Weakness in the eurozone and declining external demand for imports are set to weigh heavily on the local export-heavy economies. The Czech Republic and Slovakia are likely to be hit particularly hard by the weakening eurozone, given their open economies and their manufacturing systems that are connected to Germany.
But a well-capitalised lending system and tightening monetary policy in some of the region’s countries are set to pull CEE through what is predicted to be one of the most challenging years for growth since 2015. Poland, Czech Republic and Hungary are some of the countries expected to increase interest rates over the next year.
The evolution of fully functioning local loan and bond markets across CEE will ensure that banks are able to manage domestic demand, which is expected to help offset the worst effects of the predicted slowdown.

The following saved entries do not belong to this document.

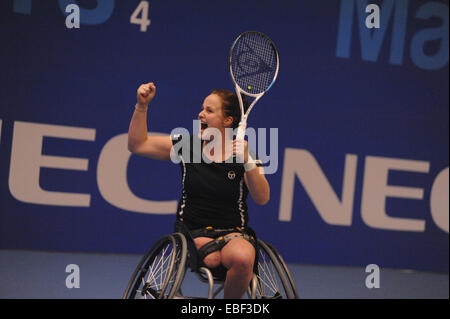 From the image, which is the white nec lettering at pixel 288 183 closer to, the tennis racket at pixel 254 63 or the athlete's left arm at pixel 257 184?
the tennis racket at pixel 254 63

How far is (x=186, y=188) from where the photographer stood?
2.81 metres

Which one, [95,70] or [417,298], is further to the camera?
[95,70]

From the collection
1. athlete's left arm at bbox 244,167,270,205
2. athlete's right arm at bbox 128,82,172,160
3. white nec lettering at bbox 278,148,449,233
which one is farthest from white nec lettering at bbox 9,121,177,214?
athlete's left arm at bbox 244,167,270,205

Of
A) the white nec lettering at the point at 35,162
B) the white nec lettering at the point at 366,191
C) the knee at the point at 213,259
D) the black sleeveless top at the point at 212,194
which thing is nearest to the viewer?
the knee at the point at 213,259

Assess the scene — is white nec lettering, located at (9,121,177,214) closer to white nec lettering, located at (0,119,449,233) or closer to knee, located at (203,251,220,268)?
white nec lettering, located at (0,119,449,233)

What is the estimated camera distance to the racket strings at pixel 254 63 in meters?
2.97

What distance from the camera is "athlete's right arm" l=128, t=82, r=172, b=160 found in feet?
8.82

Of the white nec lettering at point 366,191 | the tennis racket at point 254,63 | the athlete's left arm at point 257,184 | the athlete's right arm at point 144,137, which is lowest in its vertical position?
the white nec lettering at point 366,191

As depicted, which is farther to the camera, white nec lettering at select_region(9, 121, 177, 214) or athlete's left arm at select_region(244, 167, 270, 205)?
white nec lettering at select_region(9, 121, 177, 214)

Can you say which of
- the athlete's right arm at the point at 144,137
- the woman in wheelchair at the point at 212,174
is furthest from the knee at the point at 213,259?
the athlete's right arm at the point at 144,137

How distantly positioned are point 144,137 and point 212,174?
1.24 feet

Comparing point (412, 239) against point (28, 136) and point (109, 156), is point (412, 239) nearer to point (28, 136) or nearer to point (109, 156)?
point (109, 156)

William Jackson, chief emerging markets economist at Capital Economics, said: “Domestic demand is set to remain strong among these economies, which combined with the development of local markets will help to make this a relatively modest economic slowdown.”
Poland and the Czech Republic, in particular, are two names receiving high praise for their transformations into largely self-sufficient economies, equipped with banking systems that can offer an abundance of liquidity to local borrowers at competitive margins.
“Central European economies have become less dependent on external financing,” said Capital Economics’ Jackson. “If you compare today to the crises in 2008 or 2011, banks in the region are less dependent on international lenders and their parent banks in western Europe and are now funded to a much greater degree by domestic deposits.”
Charlotte Ruhe, managing director for central and south eastern Europe at the EBRD says: “We have to be cognisant that commercial banks are more present and stronger than ever in CEE — they are solid, liquid and competitive. We don’t want to take business from them.”
Even the development finance institutions that were once an integral part of the post-Soviet reconstruction of banking systems have diminished in influence, as local lenders have grown in independence.
Although the evolution of local markets has boosted the region, continued economic decline past 2020 could weigh heavily on banking systems across CEE, forcing banks to look outwards for help once again.